(Exercise data Opens)

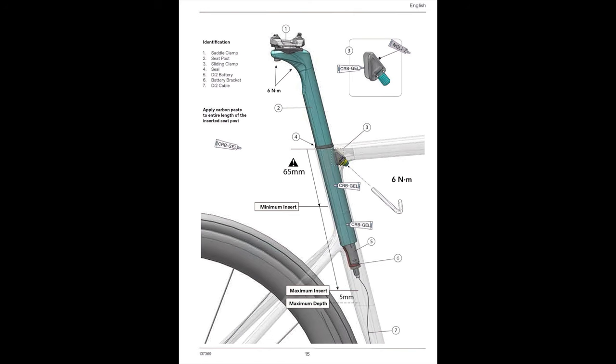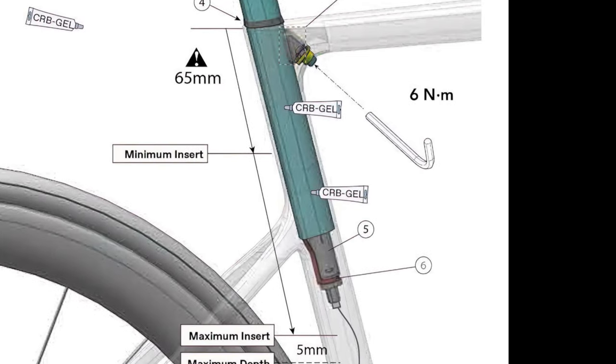My bike is no different than many others in that seatpost removal is complicated for two reasons. The first issue applies to riders with Shimano Di2 electronic shifting, as the main Di2 battery is often housed within the seatpost. If you want to remove the seatpost, you have to disconnect the Di2 cable from the battery, and you must be careful not to damage the cable or port. You also must make sure the cable doesn't accidentally drop inside the frame, as it can be difficult to retrieve — so you'll need to tape or tie the cable to the outside of the frame.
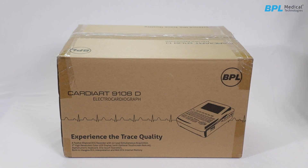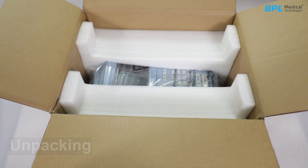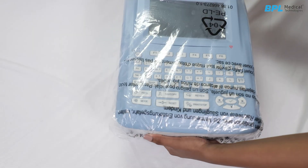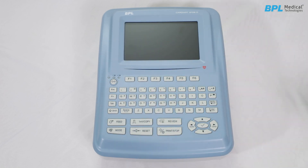Introducing BPL Cardiac 9108D. For unpacking, carefully remove the ECG unit and the accessory case from the carton box. Check for any damage to the unit. If damage is evident, please notify BPL or the service team immediately.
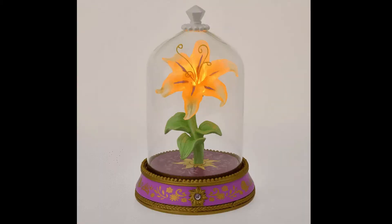Happy New Year! One year ago my girlfriend said she wanted this Tango movie limited edition flower lamp, which is about 200 US dollars. I didn't know how to buy this, so I decided to make it myself.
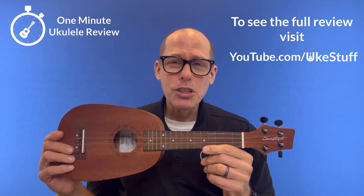If you want to know more about this instrument, you can see the full uke guide review at youtube.com/ukestuff.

(Exercise data Closes)

Your assignment:
Please repeat the listing above word for word, with the pictures removed.

Exercise output:
My bike is no different than many others in that seatpost removal is complicated for two reasons. The first issue applies to riders with Shimano Di2 electronic shifting, as the main Di2 battery is often housed within the seatpost. If you want to remove the seatpost, you have to disconnect the Di2 cable from the battery, and you must be careful not to damage the cable or port. You also must make sure the cable doesn't accidentally drop inside the frame, as it can be difficult to retrieve — so you'll need to tape or tie the cable to the outside of the frame.
Introducing BPL Cardiac 9108D. For unpacking, carefully remove the ECG unit and the accessory case from the carton box. Check for any damage to the unit. If damage is evident, please notify BPL or the service team immediately.
Happy New Year! One year ago my girlfriend said she wanted this Tango movie limited edition flower lamp, which is about 200 US dollars. I didn't know how to buy this, so I decided to make it myself.
If you want to know more about this instrument, you can see the full uke guide review at youtube.com/ukestuff.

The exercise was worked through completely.